Added a notification for remaining time for free intensive training.
- Added a notification in the upper right corner of Select a model type. How many hours are left to train your models for free?
Added Python SDK.
- Updated and cleaned up the requirements.txt file for the SDK.
- Fixed an issue where a failed training job caused a bug when loading models into the Clarifai-Python client library, and duplicated concepts when their IDs did not match.
Added RAG (Retrieval Augmented Generation) feature.
- Improved the RAG SDK
upload()
function to acceptdataset_id
parameter - Enabled custom workflow names to be defined in the RAG SDK.
setup()
Function - Fixed scope errors related to
user
Andnow_ts
By correcting the placement of their definition of variables in the RAG SDK, which was previously inside aif
Statement - Added support for chunk sequence numbers in metadata when uploading chunked documents via the RAG SDK.
Feedback form added.
- Added feedback form links to header and listing pages for models, workflows, and modules. This enables registered users to provide general feedback or request specific models.
Added a display of cost per request.
- Model and Workflow pages now show cost per request for both logged in and non-logged in users.
Implementation of progressive image loading for images
- Progressive image loading initially displays low-resolution versions of images, gradually replacing them with higher-resolution versions as they become available.

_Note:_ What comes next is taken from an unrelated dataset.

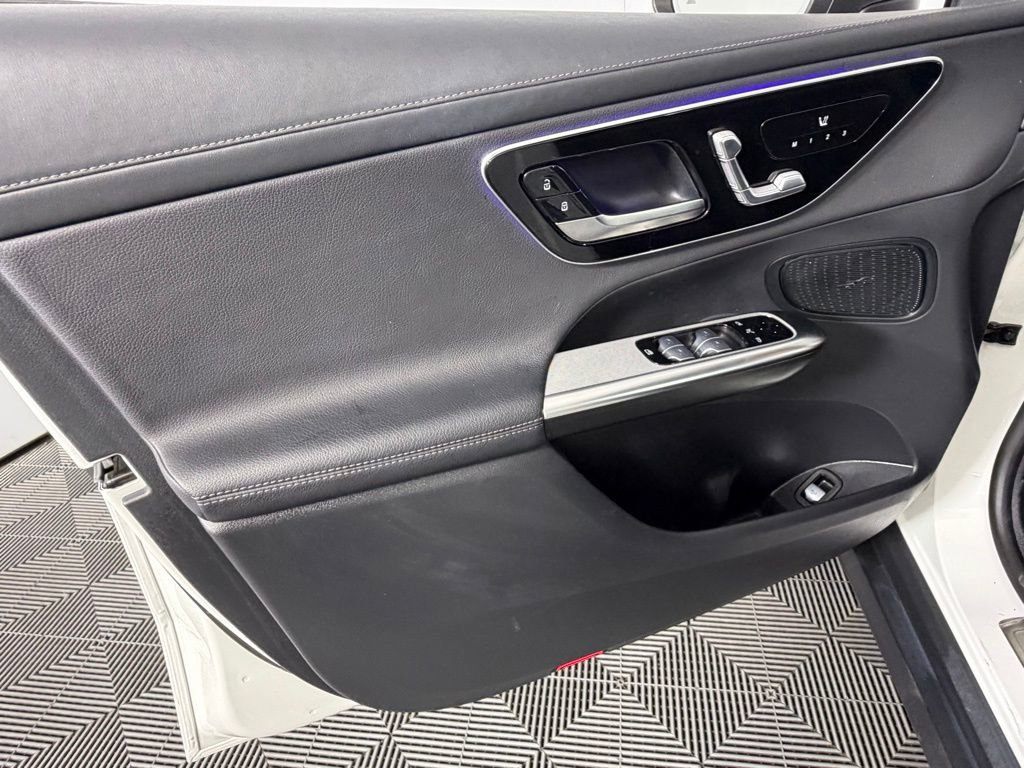 Used 2024 Mercedes-Benz GLC 300 image 22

This solves page load issues and preserves image sharpness.
Spaces in IDs replaced with dashes.
- When updating user, app, or other resource IDs, spaces will be replaced with dashes.
Updated links
- The text and link to the Slack community in the info popover in the newbar should be 'Join our Discord channel.' Likewise, a similar link should be updated at the bottom of the landing page to redirect to Discord.
- “Where is the legacy portal?” was removed. The text
Display name in PAT toast notification.
- We've updated the account security page to display the PAT name instead of the letters PAT in the toast notification.
Improved mobile onboarding flow
- Made minor updates to mobile onboarding.
Improved sidebar appearance
- Improved appearance of sidebar when folded in mobile view.
Added the option to edit the scope of an assistant.
- You can now edit and customize the scopes associated with an assistant role on the app settings page.
Enabled deletion of associated model assets when removing a model annotation.
- Now, when deleting a model annotation, the corresponding model assets are also marked as deleted.
Better model selection
- Improved Model Selection dropdown list on Workflow Builder.